Wilfrid Laurier et Henri Bourassa

Il y a bien sûr beaucoup d’autres personnages importants à l’époque, dont les premiers ministres du Québec comme Gouin ou Taschereau mais Laurier et Bourassa sont ceux que Lacoursière aborde le plus.

Le premier est Premier Ministre fédéral de 1896 à 1911. Il est connu pour avoir présidé au développement économique du pays. Il est aussi l’homme du compromis quant aux questions des liens avec le reste de l’Empire ou celles de la francophonie dans le reste du pays. Henri Bourassa est un adversaire politique farouche et il quittera la scène fédérale, et le parti libéral, suite aux multiples désaccords avec Laurier. Bourassa défend plus l’indépendance du Canada que celle du Québec dans la fédération.

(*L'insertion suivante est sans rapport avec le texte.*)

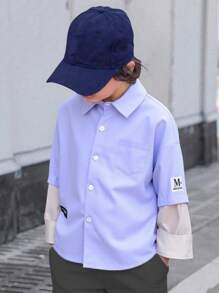 SHEIN Young Boy Casual 2 In 1 Long Sleeve Shirt, Simple And Loose Lapel, Sleeves With Exquisite Label, Fashionable Casual Wear For Daily Outing, Parties, Holidays, And School Plain Shirt For Kidsboys Shirt Setpocket Teen Boys Sets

Il s’opposera dans les années 1920 aux positions de ACJC et de son journal l’Action française qui regroupe autour de l’abbé Lionel Groulx un mouvement indépendantiste.

Quelques extraits croustillants

Wilfrid Laurier à Henri Bourassa :

Mon cher Henri, la province de Québec n’a pas d’opinion, elle n’a que des sentiments.

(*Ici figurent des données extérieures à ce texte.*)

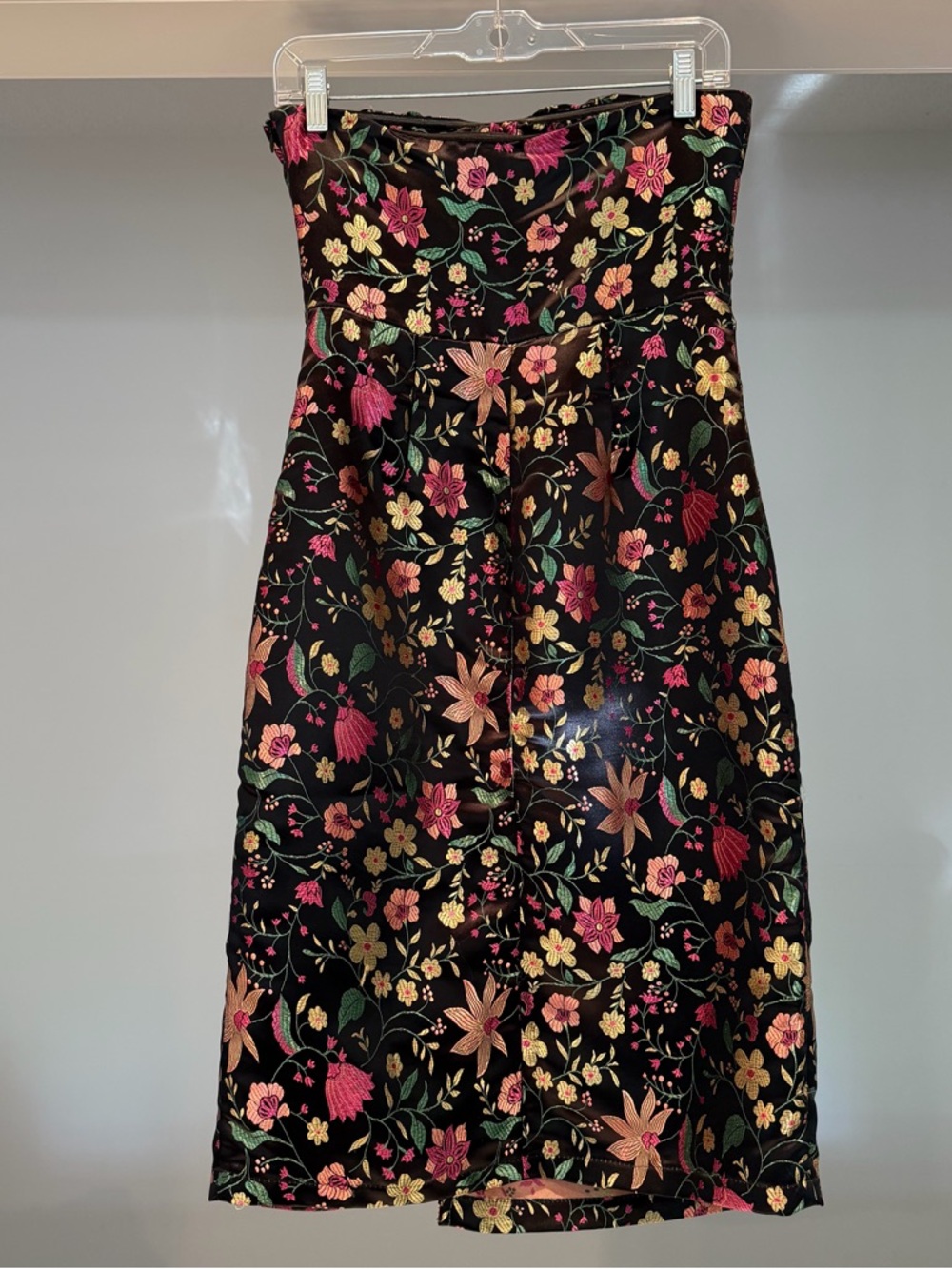 Lulu’s Make a Move Black Satin Floral Jacquard Strapless Midi Dress - Picture 4 of 7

Sur la victoire de Laurier en 1900 avec une part des sièges au Québec :

La plupart des journaux ontariens dénoncent le French Power. «C’est une situation intolérable pour les Canadiens anglophones, lit-on dans le News de Toronto, de vivre sous la domination des Français. « Il est infiniment déplorable que le gouvernement se maintienne au pouvoir par le vote massif d’une section du peuple canadien parlant une langue étrangère et entretenant un idéal étranger à la race dominante en ce pays. »

Henri Bourassa sur les relations du Québec avec la France :

Il existe entre les Français d’Europe et ceux du Canada des divergences politiques plus profondes encore que celles qui séparent la Grande-Bretagne et les États-Unis. […] L’amour que nous portons à notre patrie d’origine vient à la fois du cœur et de l’esprit. Il s’adresse plutôt à l’âme nationale de la France et aux productions de son génie qu’à la personne des Français eux-mêmes. Cette nuance se manifeste très nettement dans l’accueil un peu méfiant que nous faisons aux nouveaux venus de France, à ceux du midi surtout. Nous nous entendons très vite; mais le premier mouvement n’est pas celui d’une chaude sympathie, tel qu’on pourrait l’attendre de deux frères se retrouvant après une longue séparation.